I have a recurrence relation as follows
$ \left\{ \begin{array}{ll} R_0=H & \mbox{if } n = 0 \\ R_1 =sR_0 \hspace{.1cm} A & \mbox{if }n=1\\ R_{n+2} =\frac{s}{n+2}\{ R_{n+1} \hspace{.1cm}A+ s\hspace{.1cm} R_{n} \hspace{.1cm}B\} & \mbox{if }n>= 2\\ \end{array} \right. \tag 1$
And we have defined $R =\sum_{n=0}^{\infty} R_n \tag 2$ This is a converging series
Specifications
H,A,B are constant matrices with dimension $3 \times 3$ and s is a constant
R has dimension $ 3 \times 3$
A,B are skew symmetric matrices with determinant $0$
H is a rotation 3D matrix.
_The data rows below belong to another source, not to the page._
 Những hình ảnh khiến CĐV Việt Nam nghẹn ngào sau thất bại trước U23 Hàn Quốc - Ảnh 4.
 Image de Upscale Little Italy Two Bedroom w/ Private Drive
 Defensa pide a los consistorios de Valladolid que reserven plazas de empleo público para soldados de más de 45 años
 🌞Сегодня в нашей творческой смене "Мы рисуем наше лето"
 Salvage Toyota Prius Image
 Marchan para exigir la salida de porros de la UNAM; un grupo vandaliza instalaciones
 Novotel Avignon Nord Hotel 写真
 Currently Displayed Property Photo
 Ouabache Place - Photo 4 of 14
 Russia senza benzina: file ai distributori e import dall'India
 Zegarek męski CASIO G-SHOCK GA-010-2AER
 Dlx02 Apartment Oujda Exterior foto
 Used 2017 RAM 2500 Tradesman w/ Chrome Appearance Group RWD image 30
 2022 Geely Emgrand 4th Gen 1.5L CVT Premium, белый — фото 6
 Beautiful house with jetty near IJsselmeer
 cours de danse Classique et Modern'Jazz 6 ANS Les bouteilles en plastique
Implies orthogonal and determinant 1
$$A=\left( \begin{array}{ccc} 0 & -c_0 & b_0 \\ c_0 & 0 & -a_0 \\ -b_0 & a_0 & 0 \\ \end{array} \right).$$ $$B=\left( \begin{array}{ccc} 0 & -(c_1-c_0) & (b_1-b_0) \\ (c_1-c_0) & 0 & -(a_1-a_0) \\ -(b_1-b_0) & (a_1-a_0) & 0 \\ \end{array} \right).$$
NB: All entries of the matrices $A$, $B$ are constants,can't be altered
Question
How can we find as a finite result following expressions
- $Trace(R )$
- $R -R ^T$